## INSTRUCTIONS TO FOLLOW
Take the lines below from the one with "暴君套裝在哪裡? 《神諭:原罪2》暴君全套裝地點圖解及獲得方法 暴君套裝在哪裡?" through the one with "Cherry_deville" and print only them, exactly. Don't print the pictures.

## GIVEN RECORDS
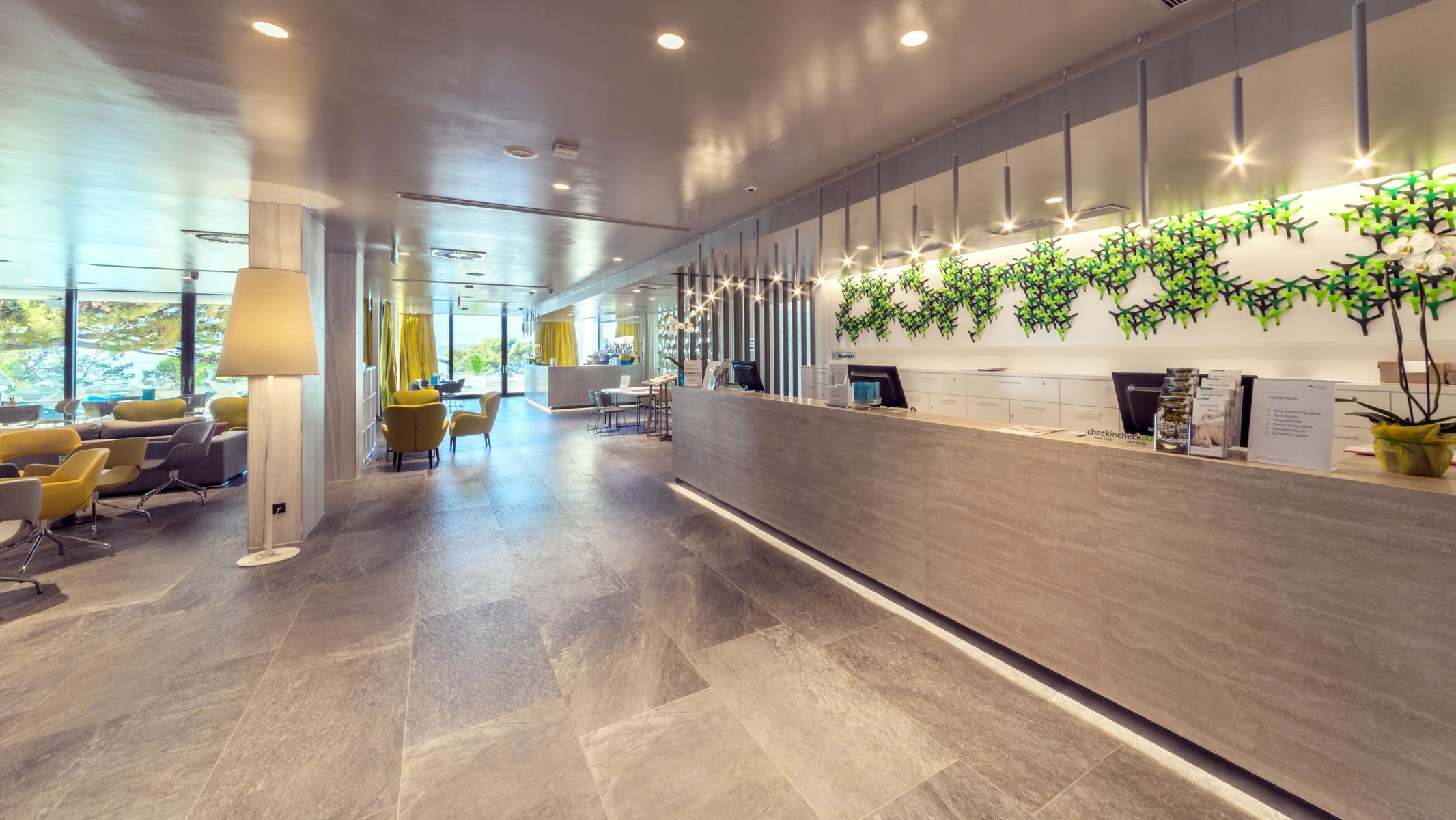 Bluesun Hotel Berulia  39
...
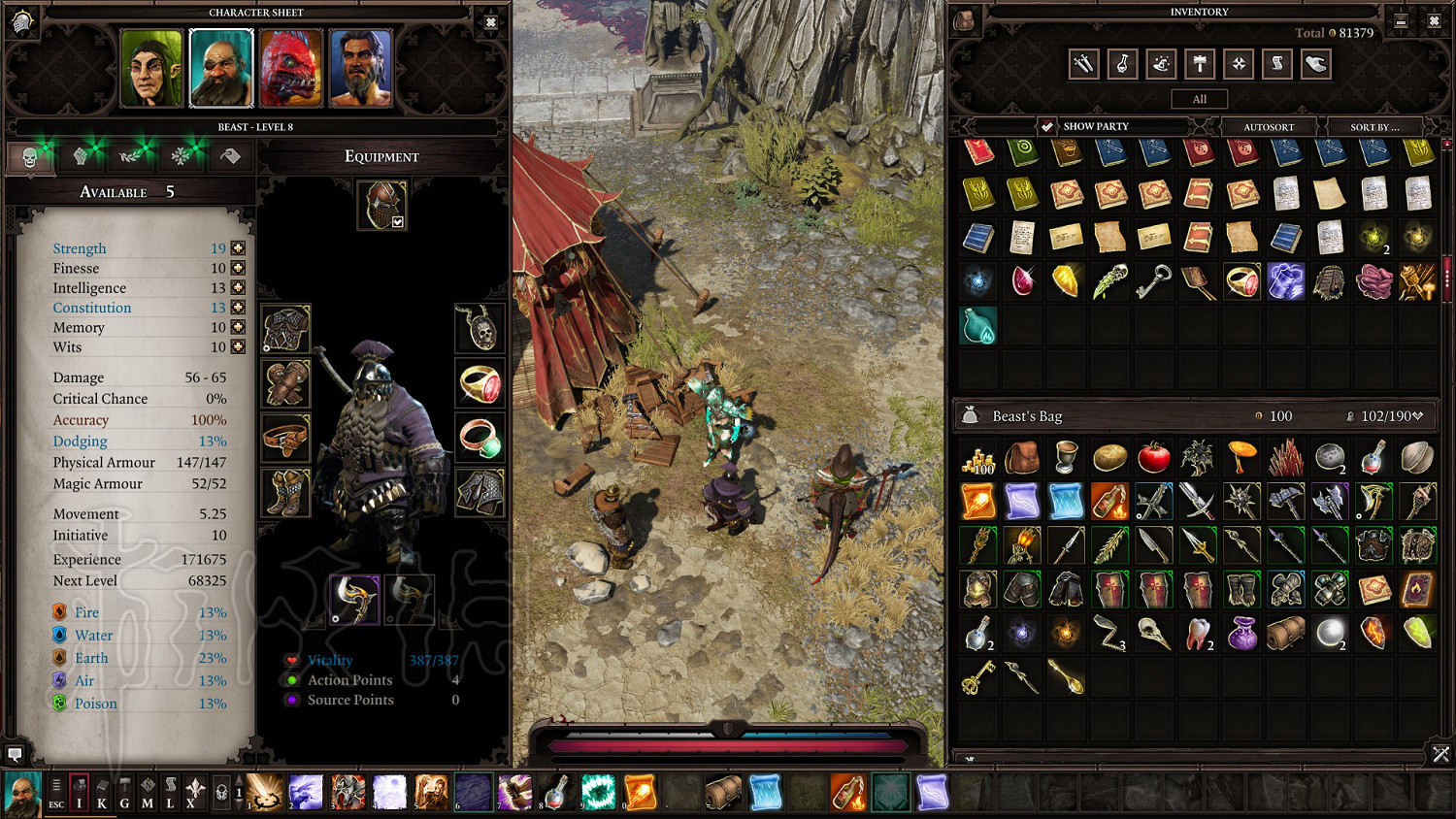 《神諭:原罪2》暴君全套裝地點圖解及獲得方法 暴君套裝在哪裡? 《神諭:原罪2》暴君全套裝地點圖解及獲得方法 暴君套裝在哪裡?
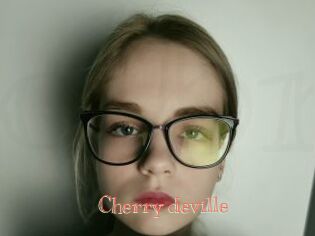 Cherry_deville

## EXERCISE OUTPUT
 《神諭:原罪2》暴君全套裝地點圖解及獲得方法 暴君套裝在哪裡? 《神諭:原罪2》暴君全套裝地點圖解及獲得方法 暴君套裝在哪裡?
 Cherry_deville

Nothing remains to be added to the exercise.